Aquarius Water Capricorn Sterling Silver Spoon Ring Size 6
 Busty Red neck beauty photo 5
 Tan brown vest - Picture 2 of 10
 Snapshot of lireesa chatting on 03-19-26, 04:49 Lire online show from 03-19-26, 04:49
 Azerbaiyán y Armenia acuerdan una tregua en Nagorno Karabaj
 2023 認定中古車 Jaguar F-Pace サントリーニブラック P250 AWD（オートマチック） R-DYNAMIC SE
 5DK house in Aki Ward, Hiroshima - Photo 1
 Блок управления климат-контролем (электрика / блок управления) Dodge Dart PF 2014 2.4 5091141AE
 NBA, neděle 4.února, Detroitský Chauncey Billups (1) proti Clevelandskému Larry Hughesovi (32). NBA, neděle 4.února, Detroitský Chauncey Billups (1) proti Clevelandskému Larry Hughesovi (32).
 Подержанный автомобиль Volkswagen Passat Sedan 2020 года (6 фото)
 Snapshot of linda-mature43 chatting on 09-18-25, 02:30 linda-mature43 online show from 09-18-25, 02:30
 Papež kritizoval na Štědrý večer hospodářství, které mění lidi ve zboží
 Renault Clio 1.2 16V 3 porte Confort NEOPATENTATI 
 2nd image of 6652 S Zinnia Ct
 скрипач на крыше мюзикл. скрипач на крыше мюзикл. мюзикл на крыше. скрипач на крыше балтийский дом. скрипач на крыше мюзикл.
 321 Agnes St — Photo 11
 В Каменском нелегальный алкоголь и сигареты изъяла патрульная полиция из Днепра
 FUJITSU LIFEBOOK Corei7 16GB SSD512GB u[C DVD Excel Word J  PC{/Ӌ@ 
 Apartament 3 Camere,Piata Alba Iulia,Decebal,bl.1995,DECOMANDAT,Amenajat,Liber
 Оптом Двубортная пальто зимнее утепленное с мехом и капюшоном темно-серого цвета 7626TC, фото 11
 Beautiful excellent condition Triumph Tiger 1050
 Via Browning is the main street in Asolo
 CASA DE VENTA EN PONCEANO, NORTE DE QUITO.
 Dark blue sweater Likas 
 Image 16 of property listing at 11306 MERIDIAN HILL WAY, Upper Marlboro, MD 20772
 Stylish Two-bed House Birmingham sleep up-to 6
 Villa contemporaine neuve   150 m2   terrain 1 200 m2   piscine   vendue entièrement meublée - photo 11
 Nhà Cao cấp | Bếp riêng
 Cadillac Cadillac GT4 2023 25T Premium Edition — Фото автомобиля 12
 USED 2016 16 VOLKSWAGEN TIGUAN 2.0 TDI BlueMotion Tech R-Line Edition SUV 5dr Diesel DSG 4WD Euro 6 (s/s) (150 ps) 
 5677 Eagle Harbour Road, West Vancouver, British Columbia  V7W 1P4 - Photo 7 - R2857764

============

● TASK DESCRIPTION:
Reproduce exactly, and with no other material, the lines between those holding "Renault Clio 1.2" and "Stylish Two-bed House", inclusive.

● ANSWER SECTION:
 Renault Clio 1.2 16V 3 porte Confort NEOPATENTATI 
 2nd image of 6652 S Zinnia Ct
 скрипач на крыше мюзикл. скрипач на крыше мюзикл. мюзикл на крыше. скрипач на крыше балтийский дом. скрипач на крыше мюзикл.
 321 Agnes St — Photo 11
 В Каменском нелегальный алкоголь и сигареты изъяла патрульная полиция из Днепра
 FUJITSU LIFEBOOK Corei7 16GB SSD512GB u[C DVD Excel Word J  PC{/Ӌ@ 
 Apartament 3 Camere,Piata Alba Iulia,Decebal,bl.1995,DECOMANDAT,Amenajat,Liber
 Оптом Двубортная пальто зимнее утепленное с мехом и капюшоном темно-серого цвета 7626TC, фото 11
 Beautiful excellent condition Triumph Tiger 1050
 Via Browning is the main street in Asolo
 CASA DE VENTA EN PONCEANO, NORTE DE QUITO.
 Dark blue sweater Likas 
 Image 16 of property listing at 11306 MERIDIAN HILL WAY, Upper Marlboro, MD 20772
 Stylish Two-bed House Birmingham sleep up-to 6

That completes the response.